Abstract 1999P
Background
Based on the pivotal phase III IMpower133 trial (NCT02763579), atezo + CE is approved for 1L treatment (tx) of ES-SCLC. IMreal (NCT03782207) is a non-interventional, multicentre, multicohort, prospective study of clinical outcomes and safety with atezo under RWCs. We report the third interim analysis efficacy and safety data from Cohort 4 (ES-SCLC).
Methods
Pts with untreated ES-SCLC received 1L atezo + CE. Pt medical and tx history data were retrospectively collected; clinical outcomes and safety data before, during and after atezo + CE tx were also collected.

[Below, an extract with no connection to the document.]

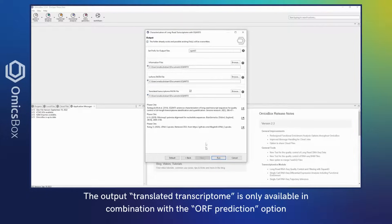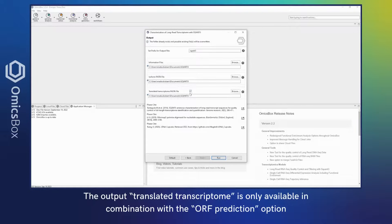The output, translated transcriptome, is only available in combination with the ORF prediction option.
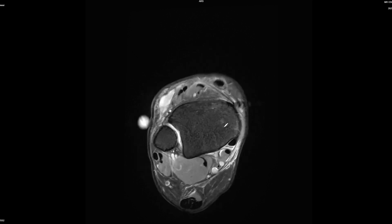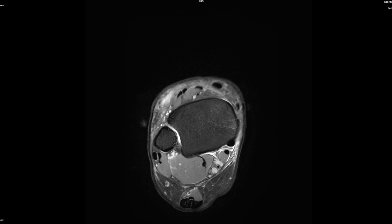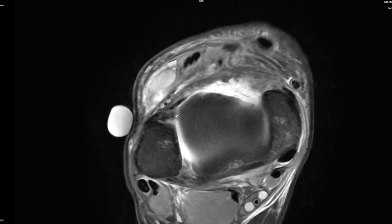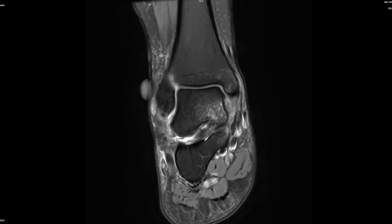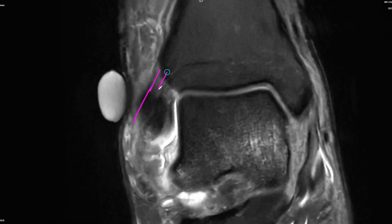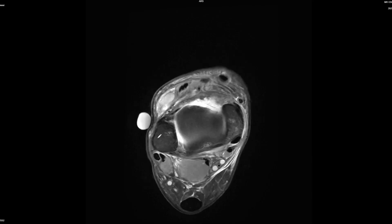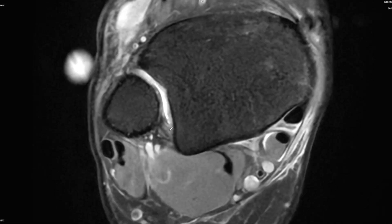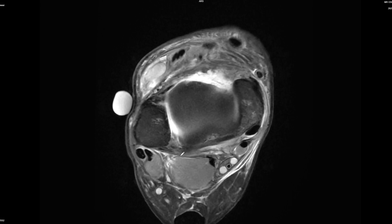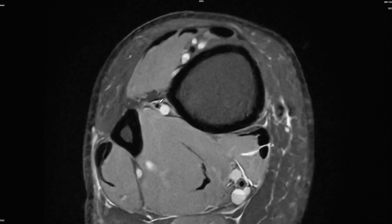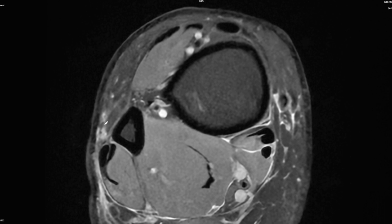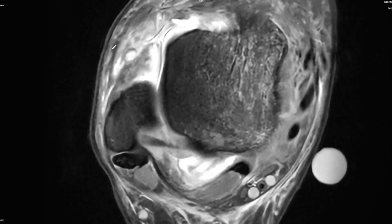Next is the assessment of the syndesmosis. Looking closely we can see the striations and Bassett's ligament, all continuous and straight down. On the coronal we also see nice striations, so the anterior syndesmosis is intact. The posterior syndesmosis is also not consistent with any major injury. There is no edema in the interosseous region or interosseous membrane - no evidence of a high ankle sprain.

The primary endpoints were OS and 2-y OS. Secondary endpoints included PFS, ORR, DCR and DOR. Safety was assessed.
Results
The full analysis population (N=501) was enrolled from 7 Feb 2019 to 1 Jun 2022. Median follow-up was 6.1 mo (range, 0.0-27.6). The median age was 66 y (range, 34-84), and 293 pts (58%) were ≥65 y; 324 (65%) were male. ECOG PS ≥2 was reported in 33/395 pts (8%). Median OS and PFS were 9.9 mo (95% CI: 8.8, 10.6) and 6.2 mo (95% CI: 5.9, 6.7), respectively; 1-y OS and PFS rates were 39% and 16%, respectively. Additional efficacy data are in the table. In the safety-evaluable population (n=496), 411 pts (83%) had ≥1 AE. The most common any-Gr AEs were anaemia (20% [n=100]), fatigue (17% [n=86]) and neutropenia (17% [n=82]). Gr 3/4 tx-related (TR) AEs occurred in 143 pts (29%); Gr 5 TRAEs occurred in 7 (1%). SAEs occurred in 192 pts (39%) and were TR in 86 (17%). AEs of special interest (AESIs) occurred in 110 pts (22%) and were TR in 74 (15%). The most common any-Gr AESIs were hepatitis (diagnosis and lab abnormalities; 7% [n=34]), rash (6% [n=31]) and hepatitis (lab abnormalities; 6% [n=28]).
Conclusions
In IMreal Cohort 4, OS and PFS differed slightly from those in pivotal ES-SCLC clinical trials, with no new or unexpected safety signals. Table: 1999P
Response-evaluable population (N=390)
ORR, n (%) [95% CI] | 266 (68) [63.3, 72.8] |
Complete response, n (%) [95% CI] | 11 (3) [1.4, 5.0] |
Partial response, n (%) [95% CI] | 255 (65) [60.4, 70.1] |
Stable disease, n (%) [95% CI] | 88 (23) [18.5, 27.0] |
DCR, n (%) [95% CI]a | 223 (57) [52.1, 62.2] |
Progressive disease, n (%) [95% CI] | 30 (8) [5.3, 10.8] |
Not evaluable, n (%) | 6 (2) |
DOR [95% CI], mo | n=266 5.4 [4.8, 6.7] |
DCR, disease control rate; DOR, duration of response; ORR, objective response rate. a DCR: proportion of pts who achieved complete response, partial response or stable disease at least 12 weeks after the index date.
Clinical trial identification
NCT03782207.
Editorial acknowledgement
Medical writing support for this abstract, furnished by Michael Williams, PhD, of Health Interactions, Inc., was provided by F. Hoffmann-La Roche Ltd, Basel, Switzerland.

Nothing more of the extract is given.